• TASK DESCRIPTION:
Transcribe the data exactly, omitting whatever pictures it holds.

• DATA SHOWN:
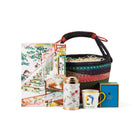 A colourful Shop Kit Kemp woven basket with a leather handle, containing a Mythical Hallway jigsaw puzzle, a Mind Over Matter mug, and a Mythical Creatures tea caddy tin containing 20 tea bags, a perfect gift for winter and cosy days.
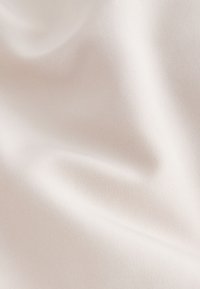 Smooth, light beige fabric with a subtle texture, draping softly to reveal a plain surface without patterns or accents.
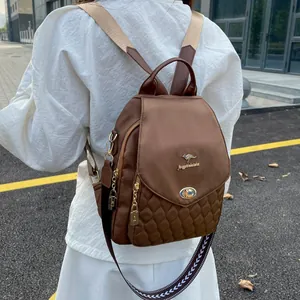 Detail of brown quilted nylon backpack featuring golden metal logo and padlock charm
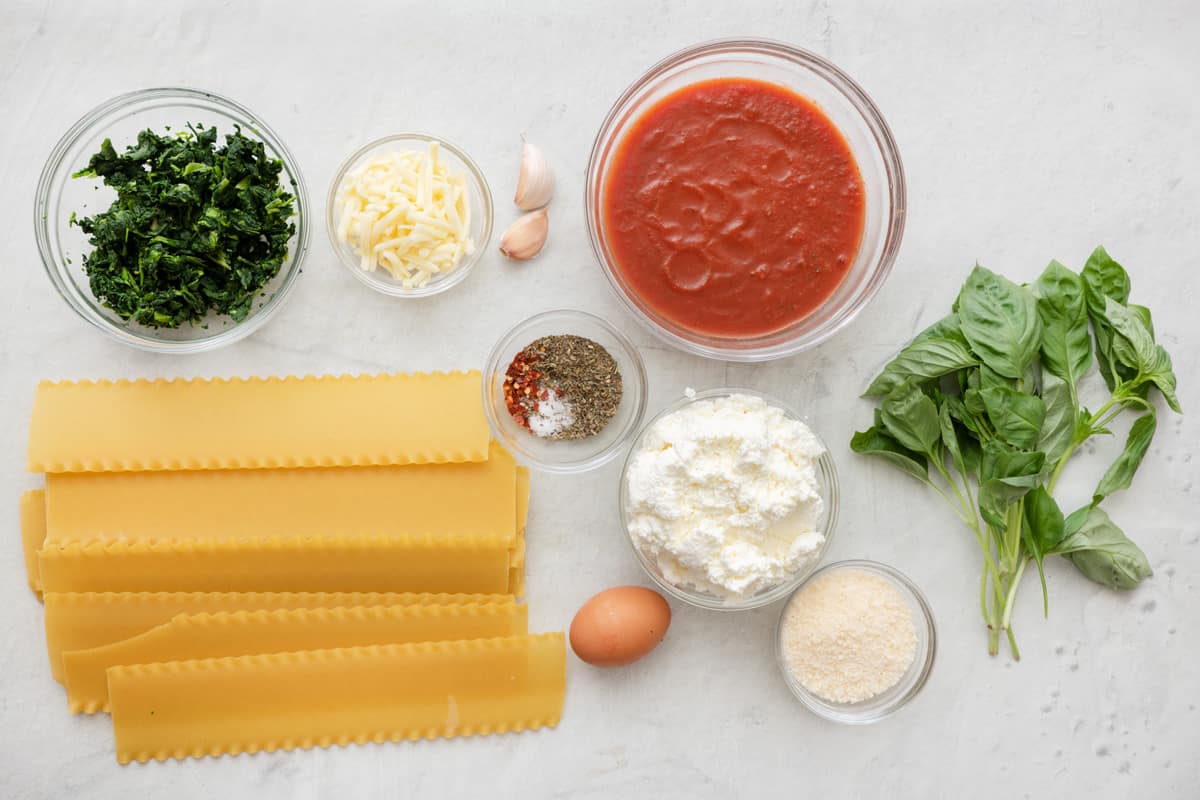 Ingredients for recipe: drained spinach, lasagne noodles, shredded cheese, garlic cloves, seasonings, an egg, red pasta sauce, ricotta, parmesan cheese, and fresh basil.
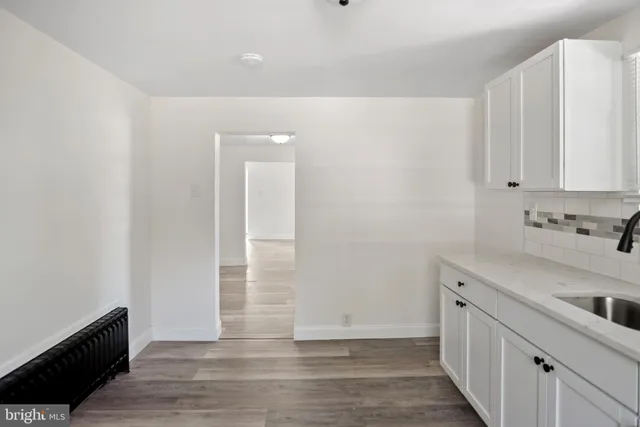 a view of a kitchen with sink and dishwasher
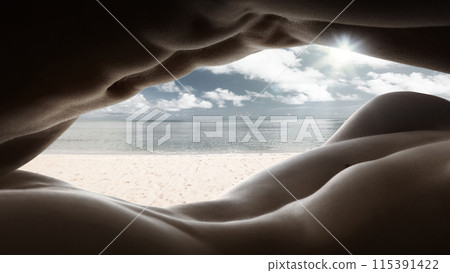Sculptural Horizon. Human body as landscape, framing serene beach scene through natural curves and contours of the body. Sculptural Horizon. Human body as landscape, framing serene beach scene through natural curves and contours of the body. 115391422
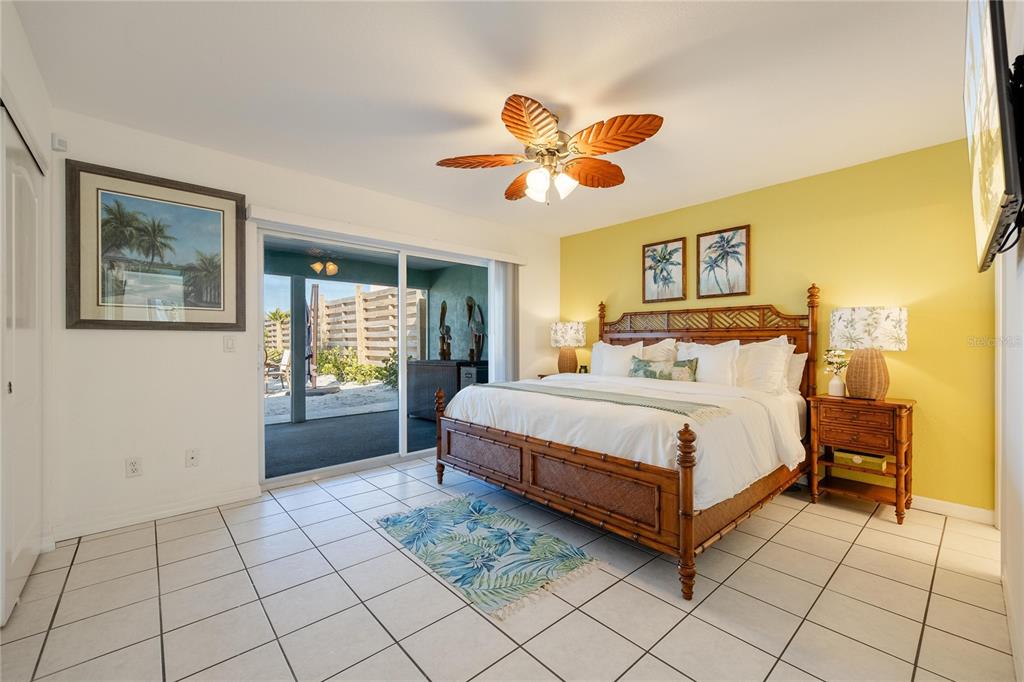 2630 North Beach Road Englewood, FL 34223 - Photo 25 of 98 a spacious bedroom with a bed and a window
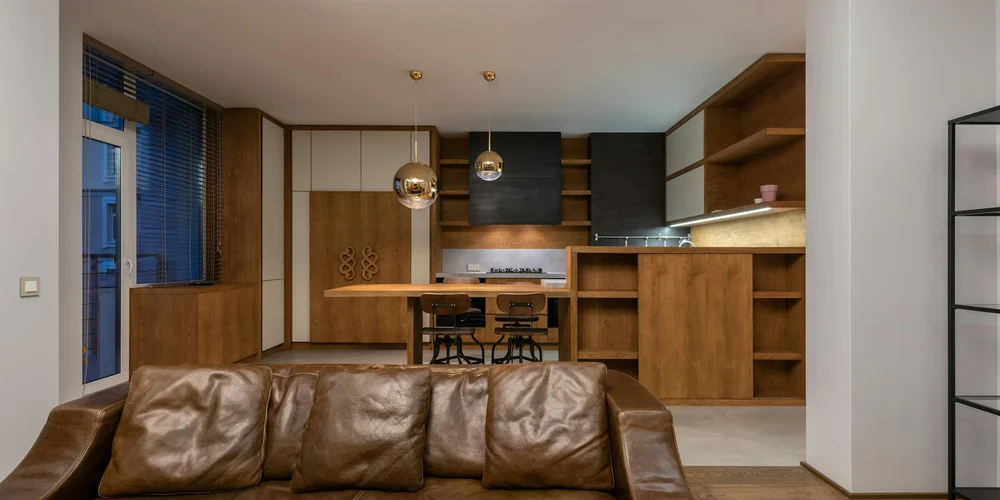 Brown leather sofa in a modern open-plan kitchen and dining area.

• RESPONSE TO THIS TASK:
 A colourful Shop Kit Kemp woven basket with a leather handle, containing a Mythical Hallway jigsaw puzzle, a Mind Over Matter mug, and a Mythical Creatures tea caddy tin containing 20 tea bags, a perfect gift for winter and cosy days.
 Smooth, light beige fabric with a subtle texture, draping softly to reveal a plain surface without patterns or accents.
 Detail of brown quilted nylon backpack featuring golden metal logo and padlock charm
 Ingredients for recipe: drained spinach, lasagne noodles, shredded cheese, garlic cloves, seasonings, an egg, red pasta sauce, ricotta, parmesan cheese, and fresh basil.
 a view of a kitchen with sink and dishwasher
Sculptural Horizon. Human body as landscape, framing serene beach scene through natural curves and contours of the body. Sculptural Horizon. Human body as landscape, framing serene beach scene through natural curves and contours of the body. 115391422
 2630 North Beach Road Englewood, FL 34223 - Photo 25 of 98 a spacious bedroom with a bed and a window
 Brown leather sofa in a modern open-plan kitchen and dining area.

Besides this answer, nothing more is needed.